CAST Tomoko Naniwa, Ichirô Okuni, Eiko Takamatsu, Nobuko Wakaba, Atsushi Watanabe, Hisao Yoshitani, Ichirô Yuki

Synopsis

It is the simple story of two friends who live together in a poor tenement and who share about everything in life (food, hopes, work…). Everything goes well until they gallantly rescue a young (and pretty) woman injured in a road accident. Since the lady has nowhere to go, the two goodhearted friends invite her to their home. She soon becomes their housemaid and they soon begin to seek her favors. Alas, she falls for a young student she has met in the neighborhood, much to the two friends’ dismay. —IMDb

Director

Original

Yasujirô Ozu

Yasujiro Ozu was born in the old Fukagawa district of Tokyo, to a fertilizer merchant, in 1903. In 1923, after a couple of years as an assistant teacher in rural Japan, Ozu was hired as assistant cameraman at the Shochiku Motion Picture Company.

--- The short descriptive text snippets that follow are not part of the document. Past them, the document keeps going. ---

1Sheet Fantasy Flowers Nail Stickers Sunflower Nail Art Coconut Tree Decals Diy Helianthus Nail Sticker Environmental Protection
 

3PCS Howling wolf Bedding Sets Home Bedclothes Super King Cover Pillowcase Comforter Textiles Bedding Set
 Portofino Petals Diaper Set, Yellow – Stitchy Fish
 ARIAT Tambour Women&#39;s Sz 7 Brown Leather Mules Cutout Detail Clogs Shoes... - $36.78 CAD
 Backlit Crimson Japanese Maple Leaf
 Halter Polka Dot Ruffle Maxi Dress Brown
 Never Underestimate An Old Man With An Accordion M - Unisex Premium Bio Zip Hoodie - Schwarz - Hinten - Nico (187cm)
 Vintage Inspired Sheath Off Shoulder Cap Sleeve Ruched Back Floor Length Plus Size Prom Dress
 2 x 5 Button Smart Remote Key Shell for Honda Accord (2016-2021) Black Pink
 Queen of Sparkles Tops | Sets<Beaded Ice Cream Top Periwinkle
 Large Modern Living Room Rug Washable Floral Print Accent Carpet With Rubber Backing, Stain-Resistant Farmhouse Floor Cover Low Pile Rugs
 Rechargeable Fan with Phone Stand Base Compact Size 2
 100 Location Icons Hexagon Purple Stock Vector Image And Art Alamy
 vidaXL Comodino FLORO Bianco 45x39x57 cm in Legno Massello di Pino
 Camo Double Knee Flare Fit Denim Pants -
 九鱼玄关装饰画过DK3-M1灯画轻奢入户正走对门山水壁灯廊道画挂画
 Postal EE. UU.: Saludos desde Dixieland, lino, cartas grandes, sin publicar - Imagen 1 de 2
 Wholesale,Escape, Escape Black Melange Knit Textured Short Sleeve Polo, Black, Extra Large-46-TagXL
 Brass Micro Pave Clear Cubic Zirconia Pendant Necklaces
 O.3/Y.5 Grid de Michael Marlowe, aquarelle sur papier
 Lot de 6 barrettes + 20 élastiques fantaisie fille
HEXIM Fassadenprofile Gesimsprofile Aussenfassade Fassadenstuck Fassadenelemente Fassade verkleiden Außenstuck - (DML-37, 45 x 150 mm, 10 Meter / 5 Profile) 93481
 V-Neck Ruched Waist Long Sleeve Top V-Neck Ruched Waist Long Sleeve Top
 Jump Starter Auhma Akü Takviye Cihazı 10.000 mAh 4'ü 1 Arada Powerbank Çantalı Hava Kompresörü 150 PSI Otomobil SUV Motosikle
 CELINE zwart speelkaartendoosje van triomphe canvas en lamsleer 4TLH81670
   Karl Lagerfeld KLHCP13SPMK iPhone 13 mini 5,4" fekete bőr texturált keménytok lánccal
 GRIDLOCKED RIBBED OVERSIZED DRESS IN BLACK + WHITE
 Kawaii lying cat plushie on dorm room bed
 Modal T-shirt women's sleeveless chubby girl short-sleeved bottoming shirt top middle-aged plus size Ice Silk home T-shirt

Early in his career, Ozu began to experiment with an idiosyncratic film style that ran contrary to the conventions of Japanese or Hollywood cinema of the day. He strove to reduce and simplify his film style; he cast such mainstays as the fade, the dissolve, and the pan from his cinematic palette. He shot solely from a low camera angle, using a 50mm lens, and he subordinated spatial continuity to visual aesthetics. Ozu directed his first film in 1927,The Sword of Penitence. In 1932, he began to hit his creative stride with the touching comedy I Was Born, But…, which was his first commercial success. During World War II, he made few films such as There Was a Father.